Thanks for showing an interest in hmm! This document aims to be a guide for making contributions to hmm, including the philosophy behind the tool and important concepts in the code.

Glossary

  • .hmm file: any file that contains hmm entries, referred to as a .hmm file because the default file name is .hmm.
  • entry: an entry is a line in a .hmm file. Entries are represented as CSV with 2 columns: an RFC3339 datetime and a JSON encoded string message. The messages are JSON encoded in order to make them single lines.

Philosophy

hmm is for jotting down in-the-moment thoughts while you're at your terminal. If you're running a build or some tests and have a few minutes, talk a little about the problem you're working on. Leave tips to future you. Vent. We all have those moments where we're at, cursor in terminal, waiting for something to happen, and in those moments I like to write down a thought. That's what hmm is about.

Multiple binaries

I decided early on that I don't want one binary that handles everything through a dizzying array of flags. I want single-purpose binaries that take only the flags that are relevant to them, no more no less.

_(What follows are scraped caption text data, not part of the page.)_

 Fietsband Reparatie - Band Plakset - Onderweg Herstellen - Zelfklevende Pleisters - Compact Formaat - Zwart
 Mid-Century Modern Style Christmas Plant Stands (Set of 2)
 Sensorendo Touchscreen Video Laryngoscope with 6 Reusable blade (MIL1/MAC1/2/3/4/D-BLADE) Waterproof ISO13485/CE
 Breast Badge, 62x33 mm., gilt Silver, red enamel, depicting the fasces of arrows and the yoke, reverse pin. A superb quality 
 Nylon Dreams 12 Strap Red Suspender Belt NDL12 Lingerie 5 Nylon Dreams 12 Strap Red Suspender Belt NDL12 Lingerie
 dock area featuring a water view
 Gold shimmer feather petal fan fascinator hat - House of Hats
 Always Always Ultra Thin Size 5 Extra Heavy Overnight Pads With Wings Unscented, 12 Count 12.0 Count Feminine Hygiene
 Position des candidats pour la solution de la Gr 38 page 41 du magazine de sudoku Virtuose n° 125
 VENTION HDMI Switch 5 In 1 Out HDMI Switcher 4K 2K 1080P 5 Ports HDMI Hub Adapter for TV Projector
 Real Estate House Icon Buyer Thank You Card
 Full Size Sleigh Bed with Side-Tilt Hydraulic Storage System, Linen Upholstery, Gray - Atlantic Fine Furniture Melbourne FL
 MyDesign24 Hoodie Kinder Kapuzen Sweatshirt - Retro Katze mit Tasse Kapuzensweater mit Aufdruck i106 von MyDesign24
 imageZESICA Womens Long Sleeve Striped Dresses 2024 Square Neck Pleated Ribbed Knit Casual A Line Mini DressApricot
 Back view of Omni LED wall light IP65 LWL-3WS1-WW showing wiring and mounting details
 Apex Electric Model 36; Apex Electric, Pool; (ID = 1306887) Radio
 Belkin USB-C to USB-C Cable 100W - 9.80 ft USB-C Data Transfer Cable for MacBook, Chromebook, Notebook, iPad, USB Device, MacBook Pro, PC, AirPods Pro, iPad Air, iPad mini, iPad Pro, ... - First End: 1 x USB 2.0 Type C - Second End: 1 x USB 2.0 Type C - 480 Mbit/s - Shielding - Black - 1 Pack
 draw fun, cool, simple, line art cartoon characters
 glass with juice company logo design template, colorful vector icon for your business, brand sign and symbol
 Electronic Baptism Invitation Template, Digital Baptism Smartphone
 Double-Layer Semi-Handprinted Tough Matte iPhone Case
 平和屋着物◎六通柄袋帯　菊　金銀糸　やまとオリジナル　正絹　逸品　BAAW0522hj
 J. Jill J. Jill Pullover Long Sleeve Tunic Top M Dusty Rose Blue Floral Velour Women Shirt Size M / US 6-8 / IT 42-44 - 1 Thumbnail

If you're adding functionality you want to expose to a user and it doesn't neatly fit in to an existing binary, you shouldn't feel afraid adding a new binary.

Here are the existing binaries and what they are for:

  • hmm: anything to do with composing entries should go in here, but beware that it should always be possible for a user to compose a plain text entry through a naked invocation to hmm, e.g. hmm I wonder if I could fix....

  • hmmq: the querying binary. Its main function is being able to quickly find time ranges by taking advantage of the fact a .hmm files is always sorted lexicographically and binary searching. All the other stuff in it is convenience.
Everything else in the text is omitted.